After we got Max settled and patted him on the shoulder and told him how proud we were, we lingered in the lot and smoked in the shadow of the building.

“Hey,” Kelsey said. She took a deep shaky drag then blew a blue stream of smoke that twirled in the late afternoon sun. “Let’s salvage the day.”

We drove to The Sunken Ship overlooking the Cape Cod Canal and ordered shots of tequila and a couple beers. As we clinked the glasses in ceremony I scanned my mind for a toast and parted my lips but came up empty. The tequila burned my throat and we sloshed down our beers in silence before we dragged our feet to the lot and smoked cigarettes as the sun painted the sky pink over Buzzards Bay.

“The worst part is not drinking around him,” Kesley said as she took a long suck from her cigarette. “It’s like, because he’s a junky I have to wear these wings.” She reached around her back and scratched her shoulder blades, skin peeling from an old burn.

“What weights more,” I said, “a pound of bricks or a pound of feathers?”

“You’re an idiot,” she said and socked me in the arm. Then she bit her lip and hid a smile.

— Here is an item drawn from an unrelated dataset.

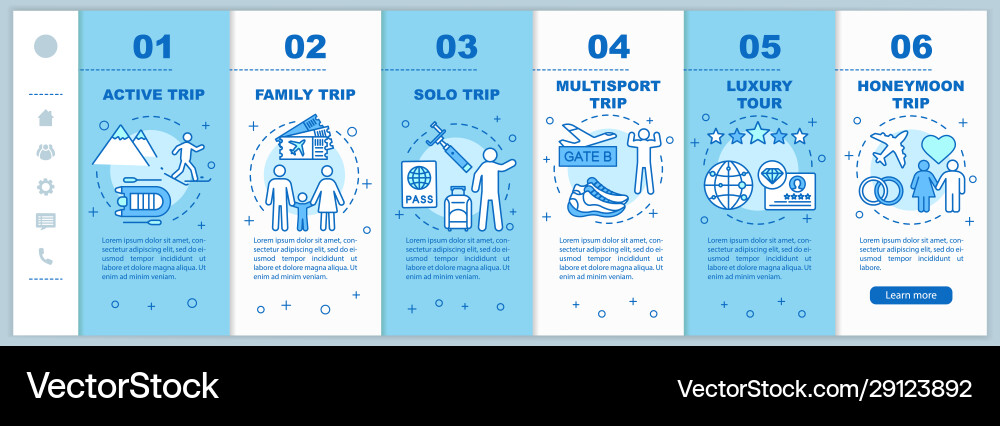 Travel styles onboarding mobile web pages template Travel styles onboarding mobile web pages template vector image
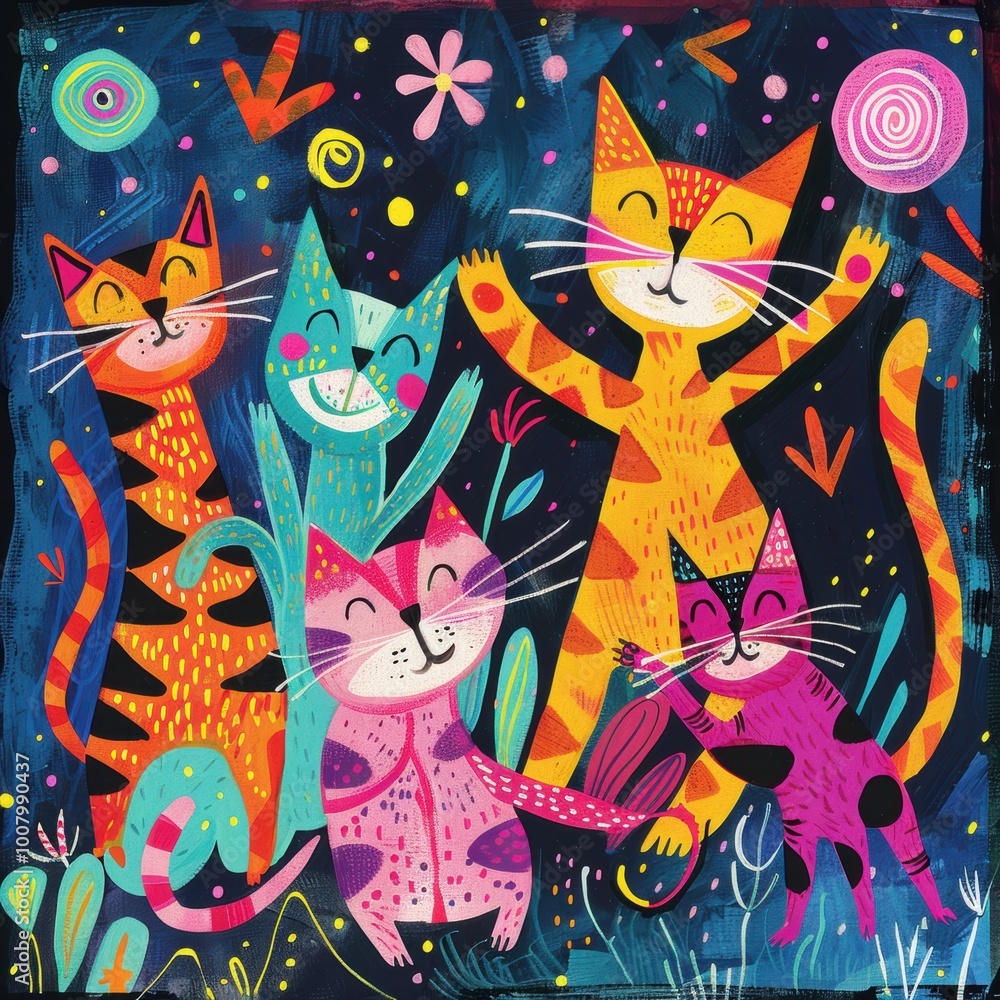 A colorful illustration of five playful cats with lively expressions against a vibrant, starry background.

As she lit another cigarette a tan shirtless old man sang to himself as he swerved his bike on the path by the canal. I pictured his old wiry body in Max’s mermaid tee. Suddenly a school of bluefish splashed on the surface and the old man leapt off his bike, yanked his rod from the PVC pipe and cast into the frenzy.

“I have an idea,” Kelsey said while watching the water. The old man’s rod bent into a rainbow as he hollered and reeled and wrangled a thrashing blue fish onto the rocks. “Let’s get a lobster dinner. Champagne. The works. You know. Treat ourselves.”

Her voice quivered in the pink light and she chewed the ends of her blonde hair. I nodded my head as the old man slit the thrashing fish’s throat and fileted it right there on the rocks. Then he tossed the cuts in a Styrofoam cooler and strapped it in the milk crate on the back of his bike with a bungee. We hopped in Kelsey’s Maxima and drove to Larry’s Lobster Shack a mile down the road.

The champagne at Larry’s was good. Fizzy. Kelsey did her bib up right but I didn’t bother and squirted lobster juice all over my old Patriots tee when I cracked the claw. She squinted at the stain as she licked her napkin and leaned across the table and dabbed my chest.

“Isn’t that Max’s shirt?”

I shrugged as the wet cotton stuck to my skin. We ordered a second bottle of champagne as we mopped the green lobster guts with bread and the server brought us lemons and hot towels for our hands. The sun had set and the wind had a bite so we moved inside and capped the night with Irish coffees and a final bottle of fizz at the bar.

On the TV above the brown bottles of whiskey the Yankees were pounding the Red Sox and the bartender pumped his fist as Alex Rodriguez blasted another home run. I glared at the Yankees fan but couldn’t catch his eye. In the light of the screen, beads of sweat were budding on Kesley’s forehead. She looked utterly unaffected by baseball.

“I feel like we’re celebrating something,” I said as the bartender slapped the bottle on the bar and I filled our empty flutes. “I can’t put my finger on it.”

“We are.” She gulped half her glass then righted herself on the stool and giggled. “The last time we take Max to rehab.”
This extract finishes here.